1.9/12 says that accessing a volatile glvalue (which includes the variables a, b, and c above) is a side effect, and 1.9/14 says that the side effects in one full expression (e.g., a statement) must precede the side effects of a later full expression in the same thread. This leads me to conclude that the two reorderings Chisnall shows are invalid, because they do not correspond to the ordering dictated by the abstract machine.
Am I overlooking something, or is Chisnall mistaken?
(Note that this is not a threading question. The question is whether a compiler is permitted to reorder accesses to different volatile variables in a single thread.)
IMO Chisnalls interpretation (as presented by you) is clearly wrong. The simpler case is C++98. The sequence of reads and writes to volatile data needs to be preserved and that applies to the ordered sequence of reads and writes of any volatile data, not to a single variable.
This becomes obvious, if you consider the original motivation for volatile: memory-mapped I/O. In mmio you typically have several related registers at different memory location and the protocol of an I/O device requires a specific sequence of reads and writes to its set of registers - order between registers is important.
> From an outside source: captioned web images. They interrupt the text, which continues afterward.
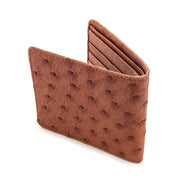 Cognac Brown Ostrich Skin Leather Wallet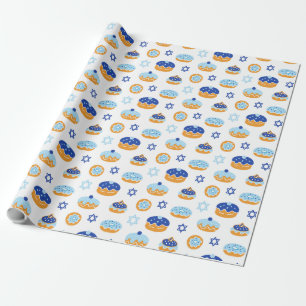 Hanukkah Jelly Doughnut Star of David Wrapping Pap Wrapping Paper
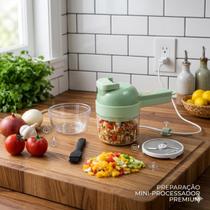 Triturador Alimentos Mini Processador Elétrico 4x1 Cortador Legumes Temperos Alho Cebola Recarregável USB Sem Fio Lâmina Inox Picador Portátil Cozinha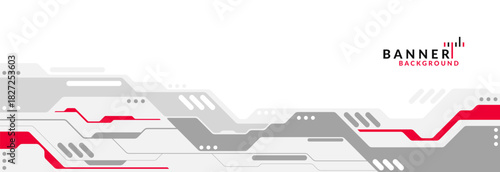 Abstract Modern Tech Background Minimal Geometric Circuit Pattern in Red, Black, and Grey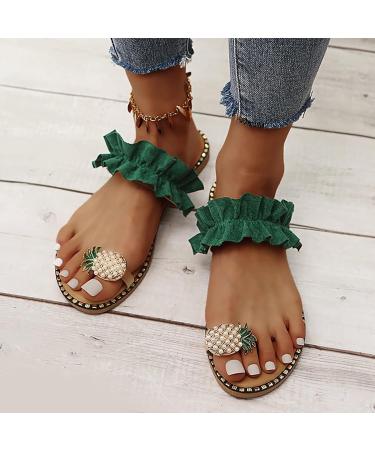 Stylish Summer Beach Slippers for Women - Pineapple Pearl Rhinestone Bunion Relief & Plantar Fasciitis Flip Flops - Size 7.5 Green - Buy Online on GoSupps.com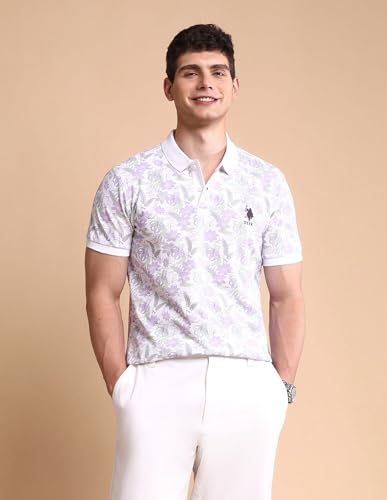 Image of U.S. Polo ASSN. Printed Polo T Shirts for Men - 100% Cotton, Half Sleeves Mens Tshirt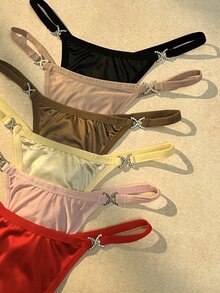 MidnightGlam 6pcs Women's Daily Panties, Shiny Glossy Diamond Buckle Sexy Fashion Thong - Multicolor - View 5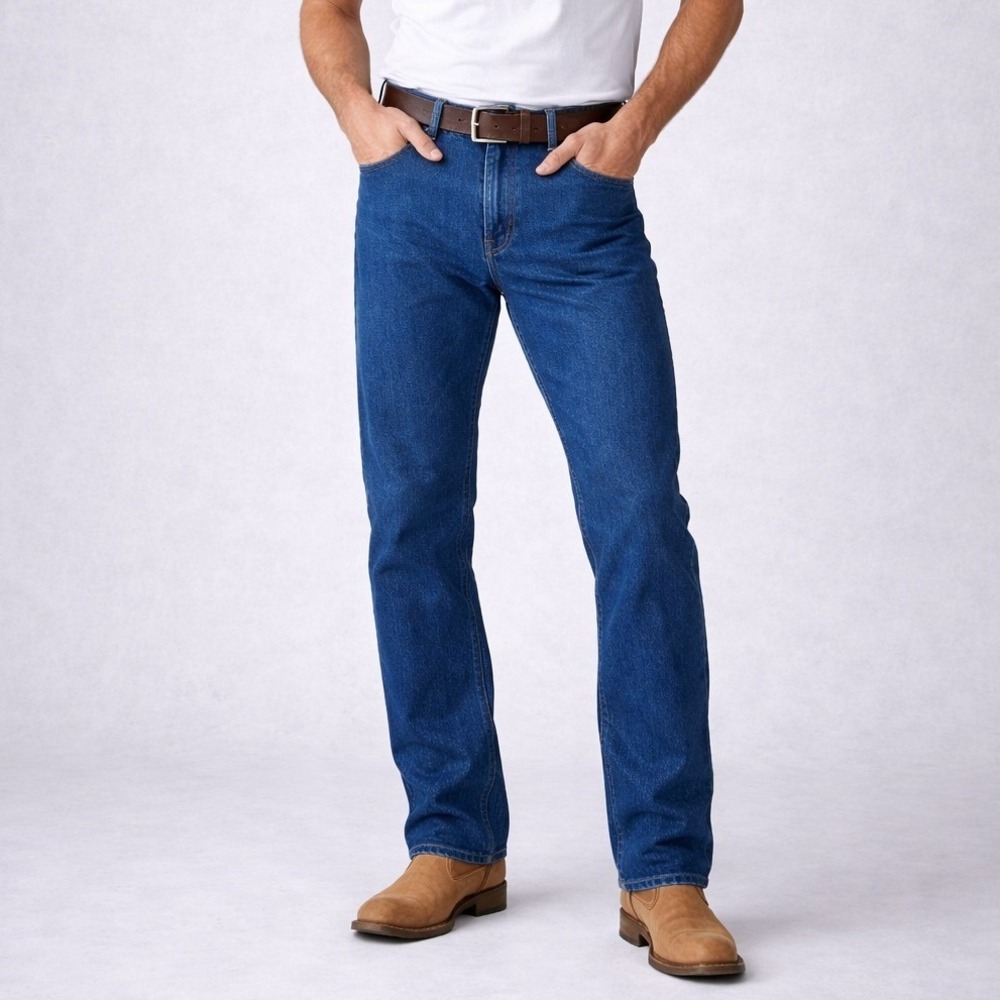 Wrangler 13MWZ Cowboy Cut Jeans Mens‎ 38x32 Blue Denim Straight Leg High Rise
The C++11 wording avoids talking about an absolute sequence of reads and writes, because in multi-threaded environments there is not one single well-defined sequence of such events across threads - and that is not a problem, if these accesses go to independent memory locations. But I believe the intent is that for any sequence of volatile data accesses with a well-defined order the rules remain the same as for C++98 - the order must be preserved, no matter how many different locations are accessed in that sequence.
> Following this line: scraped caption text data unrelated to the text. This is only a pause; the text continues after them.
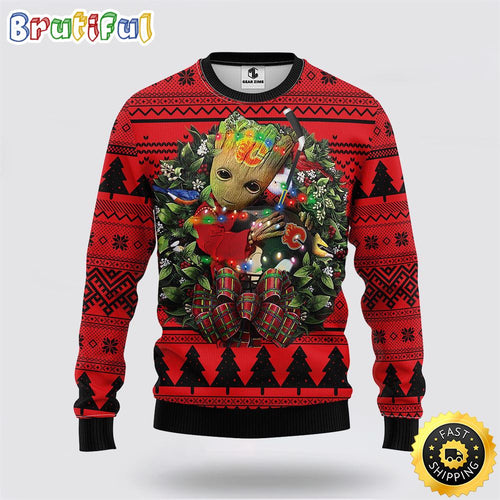 NHL Calgary Flames Ugly Sweater Groot Christmas Sweater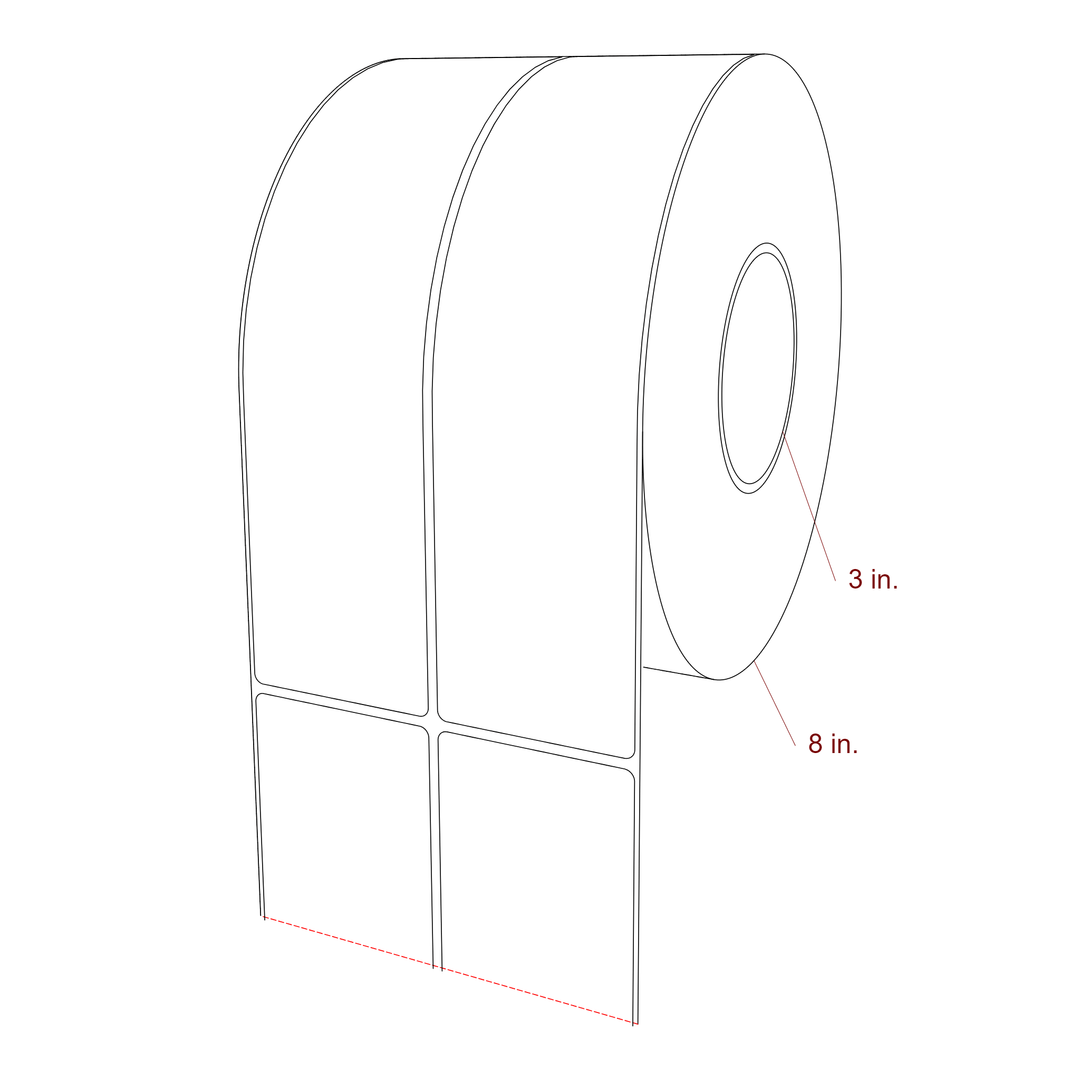 2.5 Inch x 9.75 Inch Rectangle Inkjet Label Roll - 3 Inch Core - 8 Inch Roll OD - 2Up - 3D Perspective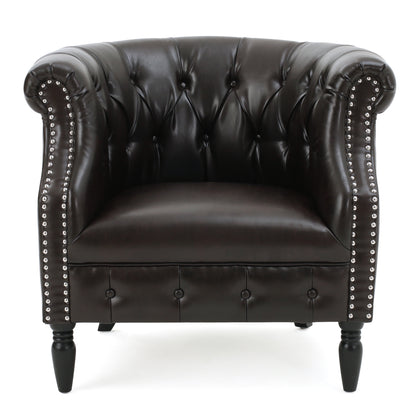 Aries Rolled Back Button Tufted Leather Tub Design Club Chair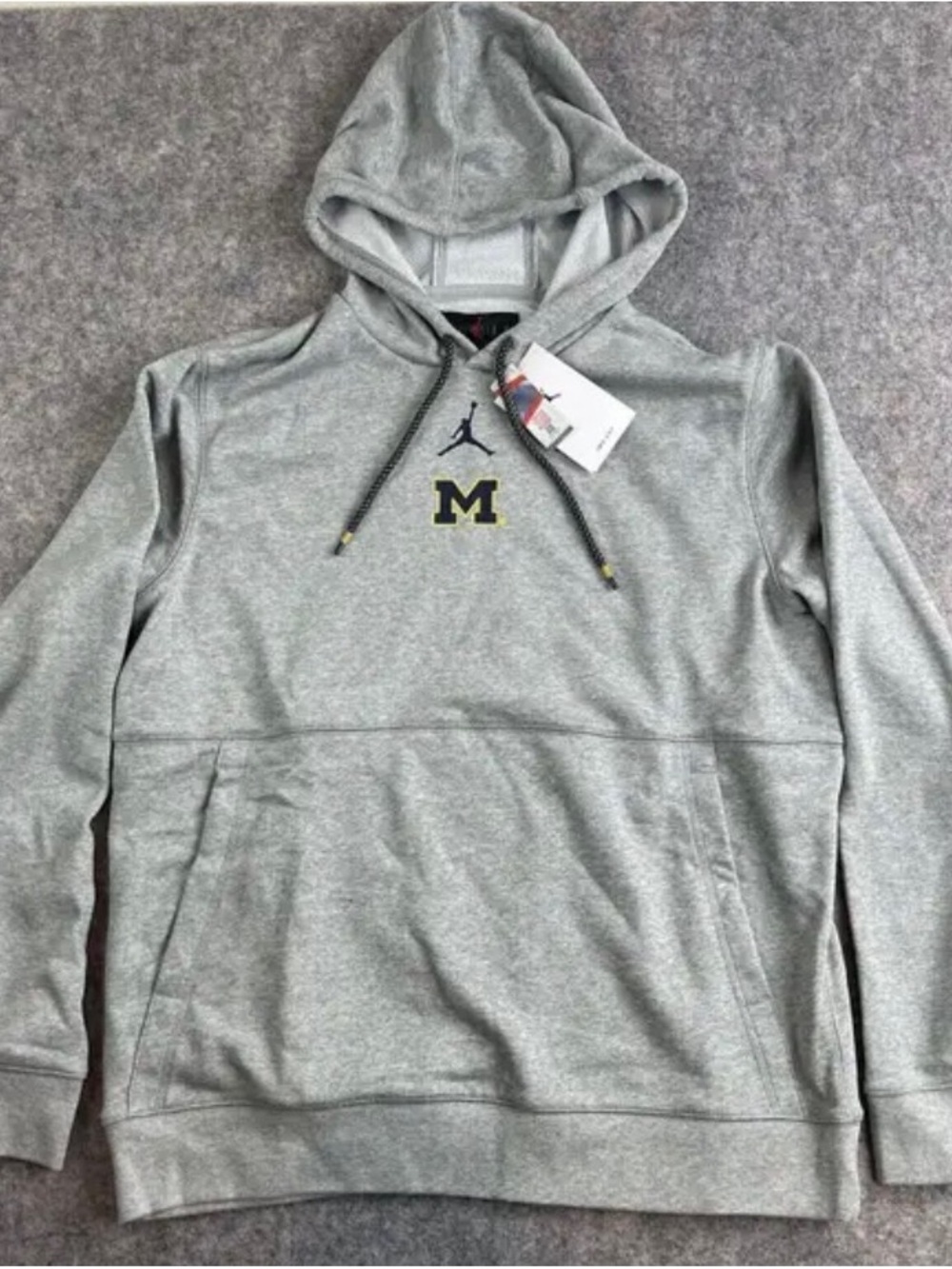 Jordan Gray Pullover Hoodie with Yellow-Trim 'M' Logo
It is an entirely separate issue what that entails for an implementation. How (and even if) a volatile data access is observable from outside the program and how the access order of the program maps to externally observable events is unspecified. An implementation should probably give you a reasonable interpretation and reasonable guarantees, but what is reasonable depends on the context.
The C++11 standard leaves room for data races between unsynchronized volatile accesses, so there is nothing that requires surrounding these by full memory fences or similar constructs. If there are parts of memory that are truly used as external interface - for memory-mapped I/O or DMA - then it may be reasonable for the implementation to give you guarantees for how volatile accesses to these parts are exposed to consuming devices.
One guarantee can probably be inferred from the standard (see [into.execution]): values of type volatile std::sigatomic_t must have values compatible with the order of writes to them even in a signal handler - at least in a single-threaded program.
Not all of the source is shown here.